Bachofen, „Erfinder“ des Matriarchats, beschrieb das Muttertum: „Aus dem gebärenden Muttertum stammt die allgemeine Brüderlichkeit aller Menschen, deren Bewusstsein und Anerkennung mit Ausbildung des Patriarchats untergeht.“ Geht es noch paradoxer? Ausgerechnet der Mütterlichkeit entspringt die Brüderlichkeit, die heute zur Geschwisterlichkeit erweitert werden muss.

G. R. Taylor unterscheidet „matrische“ von „patrischen“ Gesellschaften. Matrische Gesellschaften zeichnen sich aus durch: 1) eine tolerante Haltung gegenüber der Sexualität; 2) Freiheit für Frauen; 3) hohes Ansehen des Weiblichen; 4) Höherbewertung des Wohlergehens gegenüber Keuschheit. 5) demokratische Prinzipien; 6) fortschrittlich-moralische Anschauungen; 7) Spontaneität, öffentliches Zeigen von Gefühlen; 8) geringe Geschlechterunterschiede; 9) positive Haltung gegenüber Lust und Vergnügen; 10) Mutterverehrung. In patrischen Gesellschaften gab es nur die diametralen Gegen-Tendenzen, die völlige Verneinung der matrischen Gesellschaft.“

Das Sein des Menschen in Angst und Sorge ist die Wirkung einer männlichen Religion, in der ein allmächtiger Vater seine Kinder mit fürchterlichen Strafen bedroht – wenn sie Ihn nicht fürchten:

„Den Herrn, deinen Gott, sollst du fürchten und Ihm sollst du dienen.“ Woran erkennt Paulus unbußfertige Sünder? Antwort: „Keine Furcht Gottes ist vor ihren Augen.“

Es ist blanker Unsinn, zu sagen, es könne kein menschliches Leben ohne Angst geben. Ängste würden uns vor Gefahren warnen. Gefahren erkennen kann man nur, wenn man objektives Erkennen zulässt. Erkennen ist die Fähigkeit einer angstfreien Persönlichkeit, unverzerrt die Realität zu erfassen und sich weder vor Gott noch dem Teufel zu fürchten.

Die heutige Menschheit ängstigt sich maßlos vor der Zukunft, die sie selbst in die Wege leitet.
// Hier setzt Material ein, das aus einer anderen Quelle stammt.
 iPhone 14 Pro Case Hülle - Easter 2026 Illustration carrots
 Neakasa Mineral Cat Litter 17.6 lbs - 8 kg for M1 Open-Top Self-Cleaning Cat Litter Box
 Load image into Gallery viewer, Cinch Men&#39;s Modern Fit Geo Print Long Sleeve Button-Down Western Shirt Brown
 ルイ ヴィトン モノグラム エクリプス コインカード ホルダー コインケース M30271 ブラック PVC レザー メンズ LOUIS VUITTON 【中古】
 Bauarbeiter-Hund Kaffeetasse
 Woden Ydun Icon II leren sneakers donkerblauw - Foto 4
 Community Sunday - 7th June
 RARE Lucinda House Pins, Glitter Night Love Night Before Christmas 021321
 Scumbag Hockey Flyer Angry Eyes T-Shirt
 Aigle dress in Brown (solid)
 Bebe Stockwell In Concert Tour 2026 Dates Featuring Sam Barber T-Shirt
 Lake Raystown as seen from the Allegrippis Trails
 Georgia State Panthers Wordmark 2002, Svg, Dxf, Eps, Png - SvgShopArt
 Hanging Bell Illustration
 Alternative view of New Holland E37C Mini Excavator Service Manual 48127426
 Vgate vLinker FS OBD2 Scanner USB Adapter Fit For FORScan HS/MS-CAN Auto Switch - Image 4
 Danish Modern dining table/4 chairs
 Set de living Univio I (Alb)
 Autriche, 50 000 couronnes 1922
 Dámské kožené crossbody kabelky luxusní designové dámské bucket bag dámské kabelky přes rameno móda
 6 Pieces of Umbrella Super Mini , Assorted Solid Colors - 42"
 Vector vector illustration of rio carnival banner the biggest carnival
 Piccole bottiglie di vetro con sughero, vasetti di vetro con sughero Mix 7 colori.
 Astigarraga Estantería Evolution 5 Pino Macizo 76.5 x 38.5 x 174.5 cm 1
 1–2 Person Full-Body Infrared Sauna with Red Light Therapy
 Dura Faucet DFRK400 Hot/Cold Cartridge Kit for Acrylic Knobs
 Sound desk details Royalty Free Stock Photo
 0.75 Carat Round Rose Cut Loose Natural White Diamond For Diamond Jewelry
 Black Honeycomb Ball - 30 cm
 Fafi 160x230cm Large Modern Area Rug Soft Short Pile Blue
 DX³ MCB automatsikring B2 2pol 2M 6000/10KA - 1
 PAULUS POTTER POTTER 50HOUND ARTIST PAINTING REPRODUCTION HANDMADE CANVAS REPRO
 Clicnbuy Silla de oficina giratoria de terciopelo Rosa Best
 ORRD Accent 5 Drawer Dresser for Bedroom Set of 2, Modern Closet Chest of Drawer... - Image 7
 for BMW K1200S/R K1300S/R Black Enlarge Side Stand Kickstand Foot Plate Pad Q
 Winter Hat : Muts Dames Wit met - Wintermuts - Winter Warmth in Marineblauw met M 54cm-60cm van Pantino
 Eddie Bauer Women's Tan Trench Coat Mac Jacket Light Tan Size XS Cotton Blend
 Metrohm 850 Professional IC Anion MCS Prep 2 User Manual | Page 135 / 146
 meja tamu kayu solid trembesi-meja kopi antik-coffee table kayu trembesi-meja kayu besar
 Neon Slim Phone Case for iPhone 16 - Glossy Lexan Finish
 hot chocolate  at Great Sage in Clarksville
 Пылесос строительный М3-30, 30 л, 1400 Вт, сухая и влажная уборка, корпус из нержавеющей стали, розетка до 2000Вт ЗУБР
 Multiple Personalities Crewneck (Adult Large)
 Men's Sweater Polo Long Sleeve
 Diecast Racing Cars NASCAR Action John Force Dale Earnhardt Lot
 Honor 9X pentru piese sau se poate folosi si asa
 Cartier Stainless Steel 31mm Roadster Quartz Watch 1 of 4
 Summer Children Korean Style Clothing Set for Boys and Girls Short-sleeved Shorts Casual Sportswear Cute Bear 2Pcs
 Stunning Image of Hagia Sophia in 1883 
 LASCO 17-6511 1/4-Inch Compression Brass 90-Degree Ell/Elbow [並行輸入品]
Da sie ihre Ängste leugnet, schliddert sie in apathischer Hektik und schicksalsergebener Beschleunigung von einer Misere in die nächste.

Im Reich der Mütter galt die Moral der gegenseitigen Sympathie und unbegrenzten Solidarität. Auch Männer wollen ihre Grenzen überschreiten – die Grenzen ihrer Borniertheit, um ins Reich grenzenloser Dummheit zu gelangen. Moral ist für Männergesellschaften ein lächerliches Fremdwort.

„Wer die Macht hat, hat das Recht auf seiner Seite – diese Moral war typisch für die lineare, hierarchische männliche Theologie.“

Der Phallokrat erhebt sich zum Herrscher des Universums. Das schwanztragende Männlein will sein wie Gott. Wie lange noch, meine lieben Schwestern, wollt ihr diese aberwitzige Missgeburt der Evolution ertragen? Wen die Göttin vernichten will, den bestraft sie mit männlicher Dummheit.